Lance Winn

Lance Winn

Professor
 

Education

M.F.A., Cranbrook Academy of Art, 1996

 

Biography

Winn's personal work searches for the language embedded in processes of reproduction. From painting to robotic and three-dimensional modeling, he investigates a poetics of construction that might speak to current conditions, particularly as they relate to mediation and technology. His academic research is directed most specifically towards a dialectics of modernity, best represented by Benjamin's Arcades Project, and extending into material culture, architecture, and the affects of time on objects. Alongside this research Winn is studying alternate systems of visualization, particularly thermal imaging and other ways of seeing outside the visual spectrum, and is working with ways of capturing three-dimensional information. Through a University grant he is studying three-dimensional scanning and other dimensional digital inputs as well as large scale methods for outputting models from virtual space, leading to a collaboration with the Center for Historic Architecture and Design involving the digital capture and dissection of vernacular structures-destined for demolition-in an attempt to preserve these buildings virtually.

Winn is a faculty member in the Center for Material Culture Studies where he has been a part of several colloquia, including the "Spaces of Shopping" which is being turned into a book. He has lectured on his own work at Universities across the U.S., recently at the University of South Florida, and at the University of Puerto Rico Mayaguez where he ran a workshop on "Post-Colonial Collage." He has published catalogue essays for "Reproduction" at Lemberg Gallery; for Brian Bishop's solo show titled "Pause" at the University of Delaware ; and for a show he curated at the University of Delaware Galleries called "InWords," that included an international group of artists who work with language as material. Most recently he c0-wrote the essay "The Object of Nostalgia" with colleague Rene Marquez for a show they curated at Columbia College in Chicago.

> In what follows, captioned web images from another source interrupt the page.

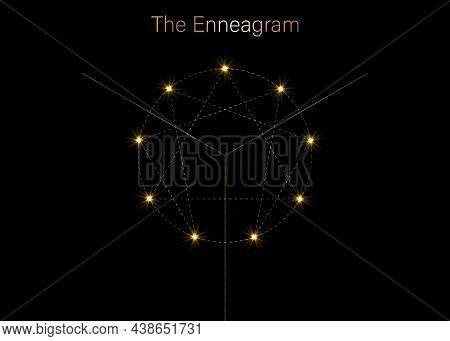 Enneagram Icon, Golden Luxury Sacred Geometry, Diagram Logo Template, One To Nine Concerning The Nin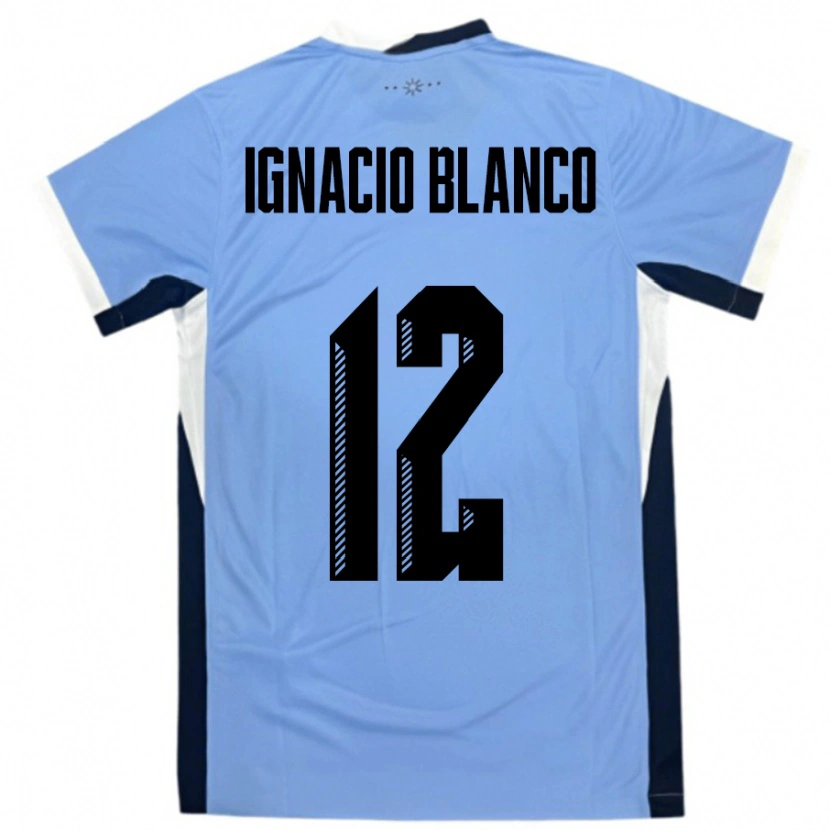 Danxen Kinder Uruguay Juan Ignacio Blanco #12 Weiß Schwarz Heimtrikot Trikot 24-26 T-Shirt Schweiz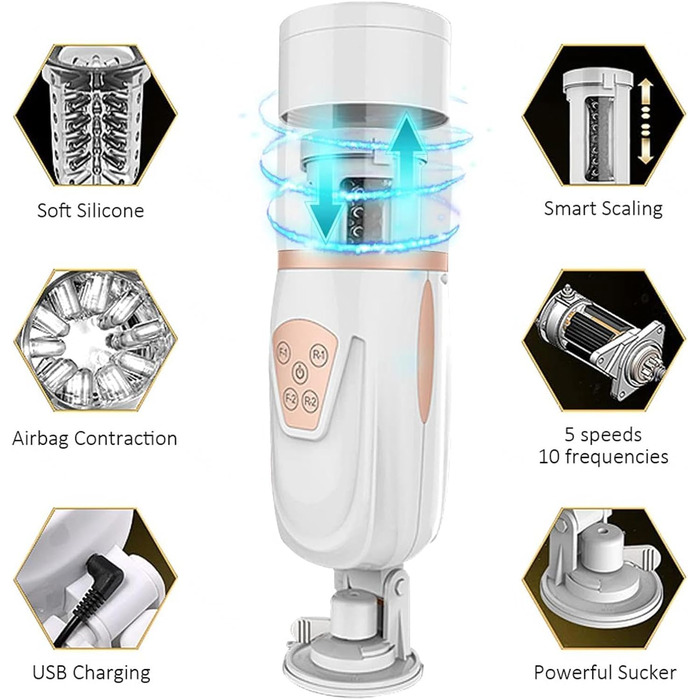 Мастурбатор з телескопічною функцією, 10 швидкостей, 3D силікон - сексуальна іграшка для дорослих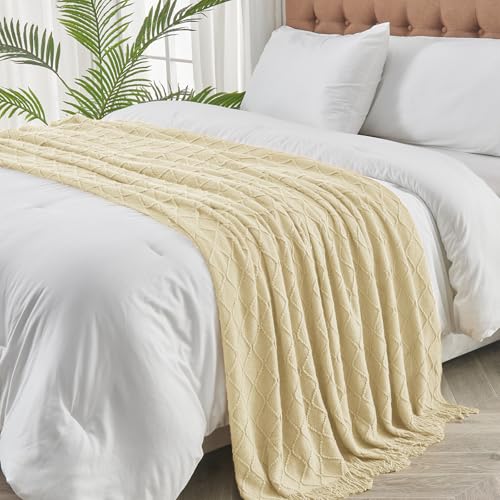 inhand Knitted Throw Blanket for Couch and Bed, Soft Living Room Home Decor Knitted Blanket with Tassel, Outdoor Lightweight Breathable Summer Blanket, Farmhouse Warm Woven Decorative, 50"x60" - Image 2
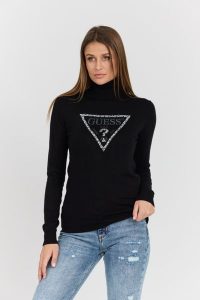 GUESS Czarny damski golf Piper Triangle z dużym logo. Czarne golfy Guess, z aplikacjami, z elastanu. W wyprzedaży za 265,99 zł.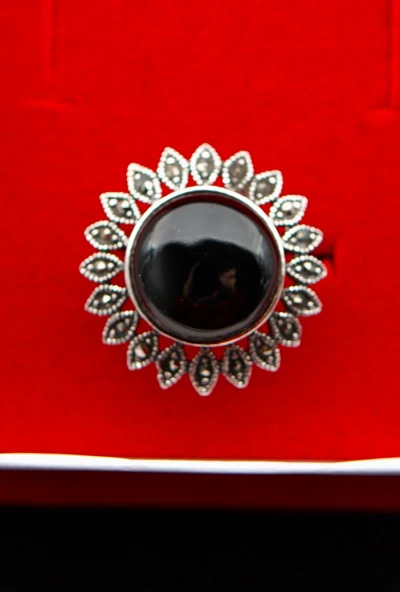 925 Ayar Gümüş Oltu Taşı Kadın Yüzük sk00096 - Resim 5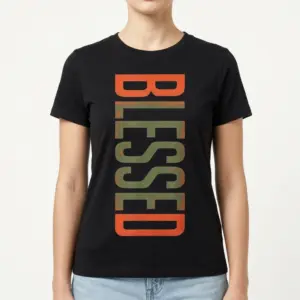 Retro Blessed Vertical Graphic T-Shirt 9 Lower section detail of the vertical 'BLESSED' print on the black t-shirt, featuring vintage orange and faded green.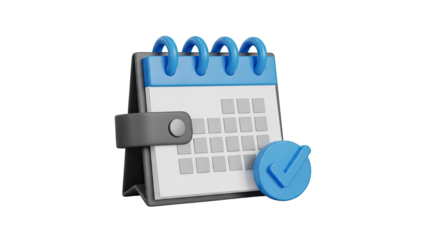 3D Calendar with Checkmark Icon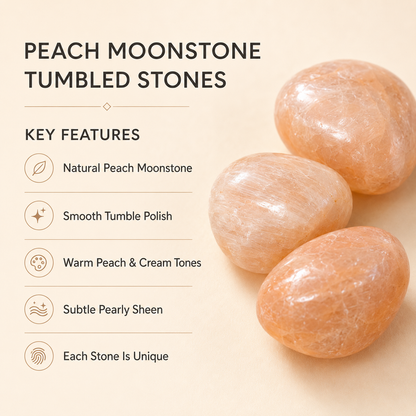 Peach Moonstone Tumbled Crystals (Mastering Fear and Leadership)  DestGlow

Winn's personal work has been included in a range of recent books including three-dimensional typography and Paul Virilio's influence on contemporary artists. He has been nominated for the Louis Comfort Tiffany Award for painting, and his work was represented in an article on new forms of drawing that was published in Contemporary Magazine. Winn's work has been shown nationally and internationally and in 2007 was part of a five-year survey at the Freedman Gallery.

In collaboration with Simone Jones, Winn's robotic projections has been shown most recently as a part of Nuit Blanche in Toronto, at the Ronald Feldman gallery in New York, and the Icebox in Philadelphia. Their work was presented at the Electra Festival, in "Stop," a two-part show of international artists in Montreal, at the Banff Center for the Arts in Canada, "Media City 11 International Festival of Experimental Film and Video Art" in Windsor, Ontario, and in "Machine Life" at the Davies Foundation and Samuel J. Zacks Galleries in York, Ontario.